(Exercise brief):
Line by line, repeat the data below exactly, beginning at the first line and ending at the line with "Down Side Up Mini Denim Skirt". Omit pictures.
Source information START
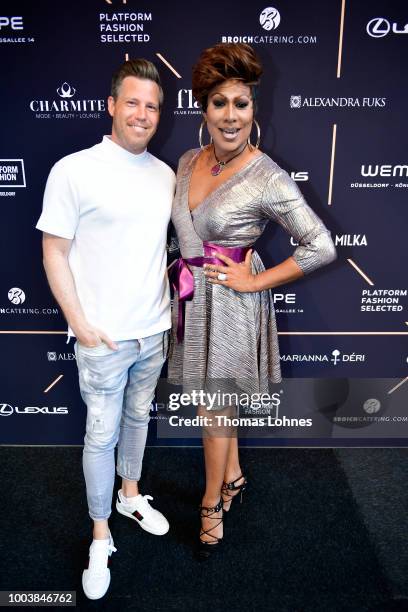 Lars Fassbender and Catherrine Leclery attend the Platform Fashion Selected show during Platform Fashion July 2018 at Areal Boehler on July 22, 2018...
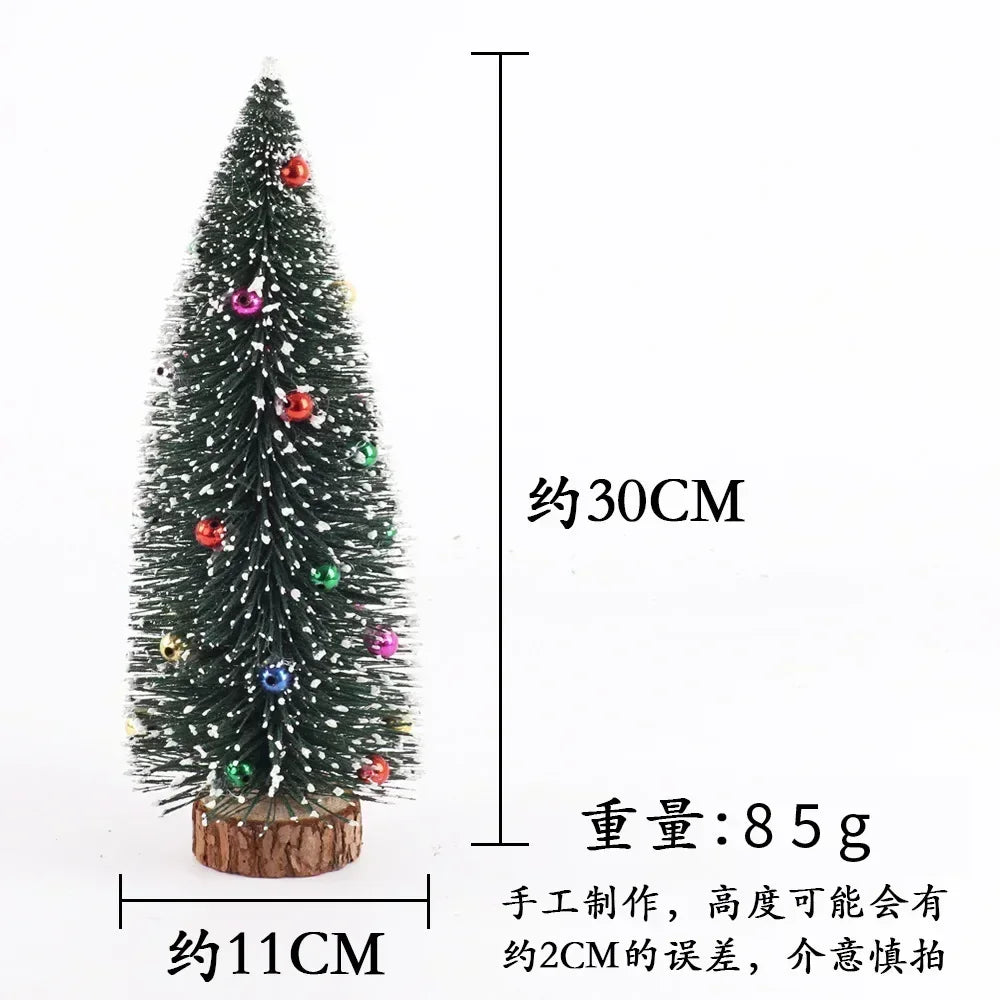 Christmas Tree Mini Tree with Wood Base Diy Crafts Home Table Top Decor Xmas Wooden Pendants for New Year Home Decoración
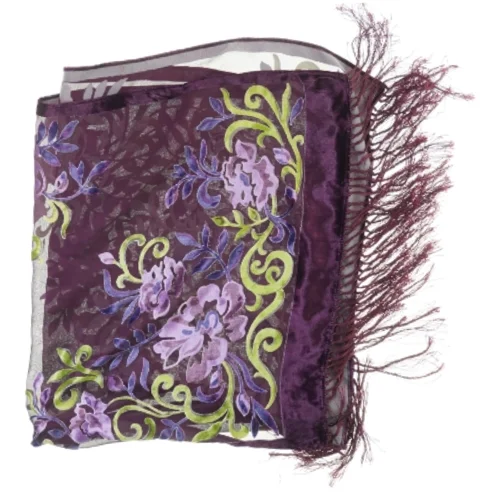 Monsoon broderet Silke Tørklæde med frynser (str. 170 x 50 cm)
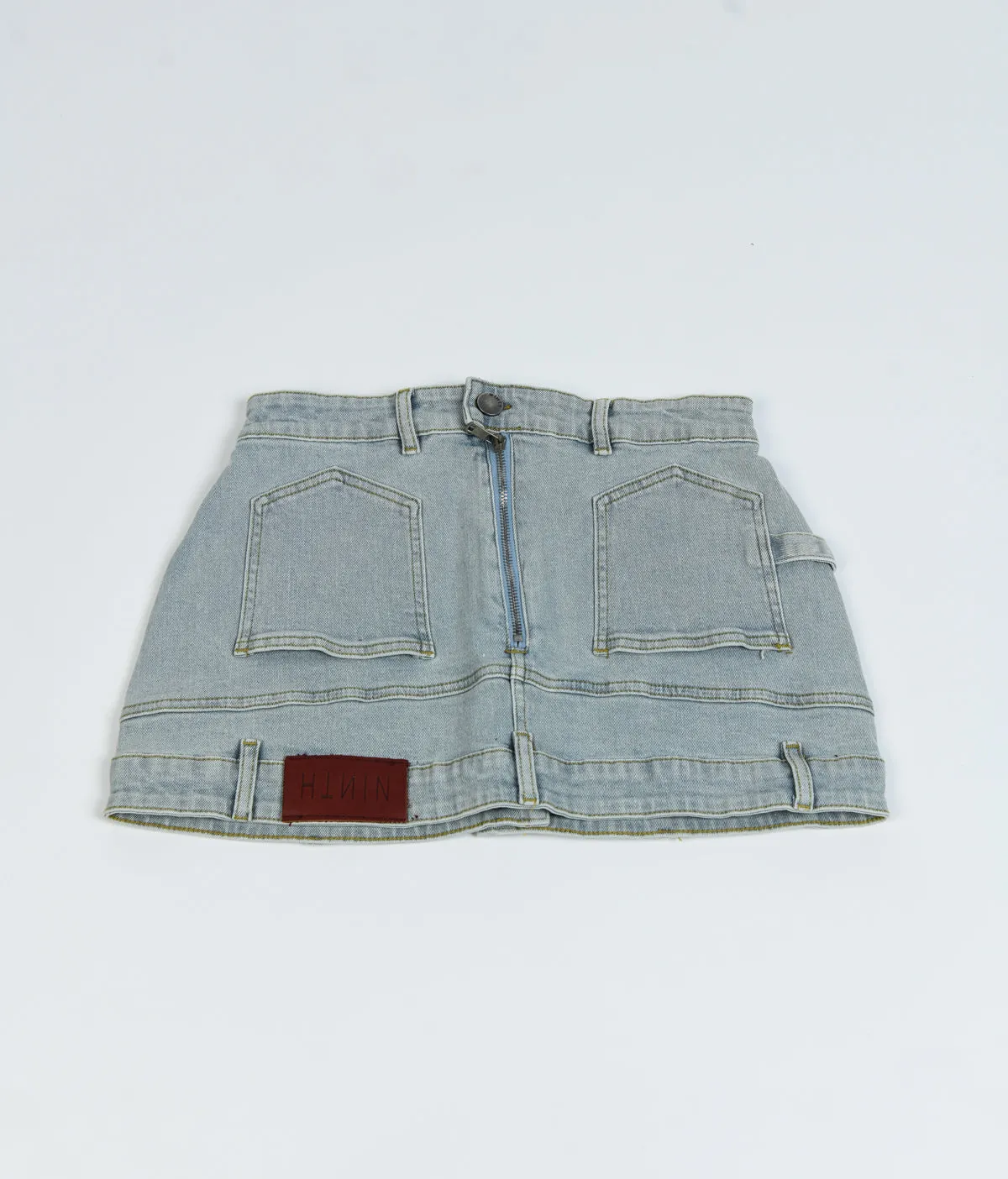 Down Side Up Mini Denim Skirt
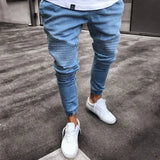 Wiaofellas  -  Mens Hole Skinny Vintage Jeans Fashion Ripped Slim Denim Pants For Men New Male Hip Hop Pleated Jean Trousers Pantalon Homme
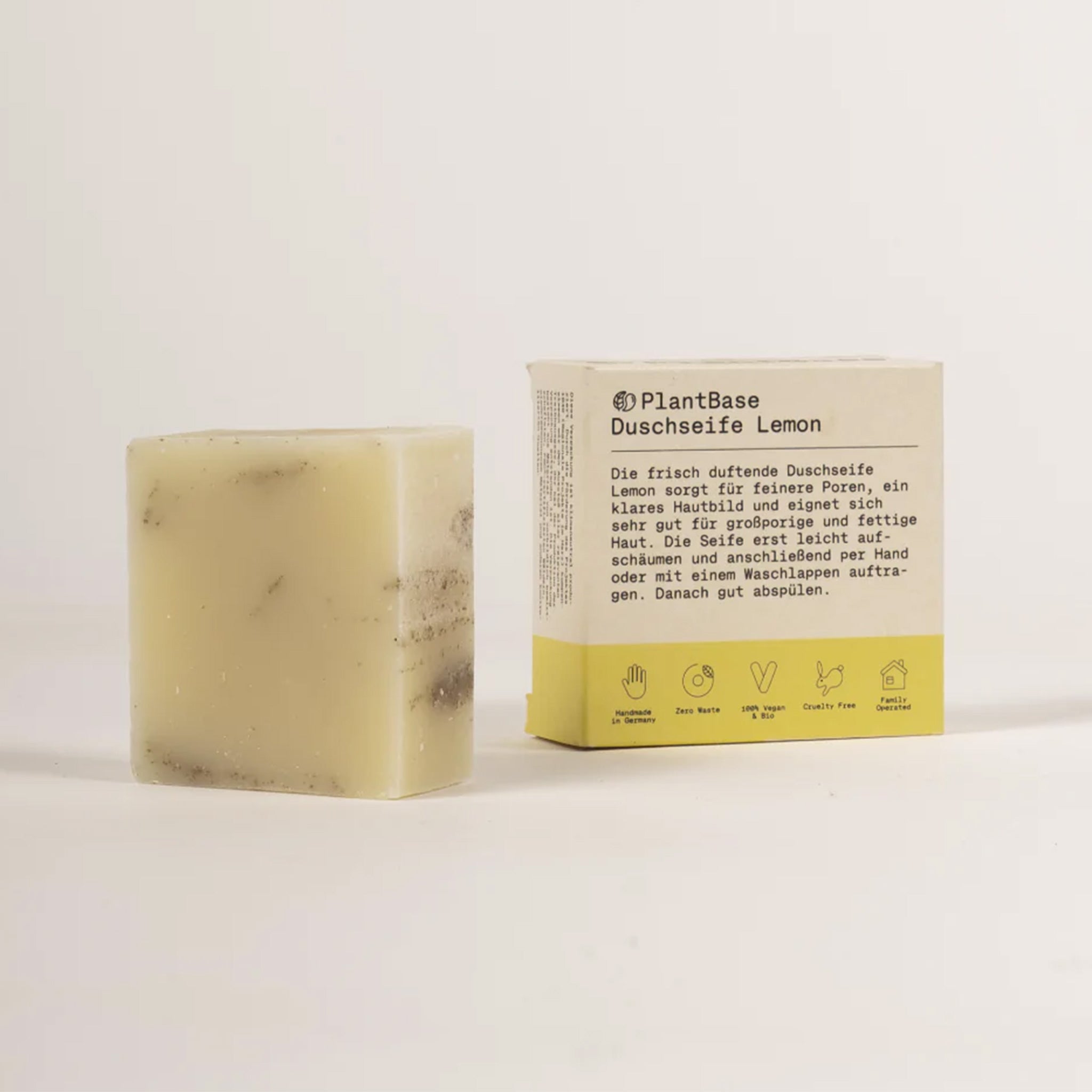 Start-Set "Lemon",PlantBase,festes Shampoo,Duschseife Lemon, Luffa-Seifenablage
Source information END
(Output for this exercise):
 Lars Fassbender and Catherrine Leclery attend the Platform Fashion Selected show during Platform Fashion July 2018 at Areal Boehler on July 22, 2018...
 Christmas Tree Mini Tree with Wood Base Diy Crafts Home Table Top Decor Xmas Wooden Pendants for New Year Home Decoración
 Monsoon broderet Silke Tørklæde med frynser (str. 170 x 50 cm)
 Down Side Up Mini Denim Skirt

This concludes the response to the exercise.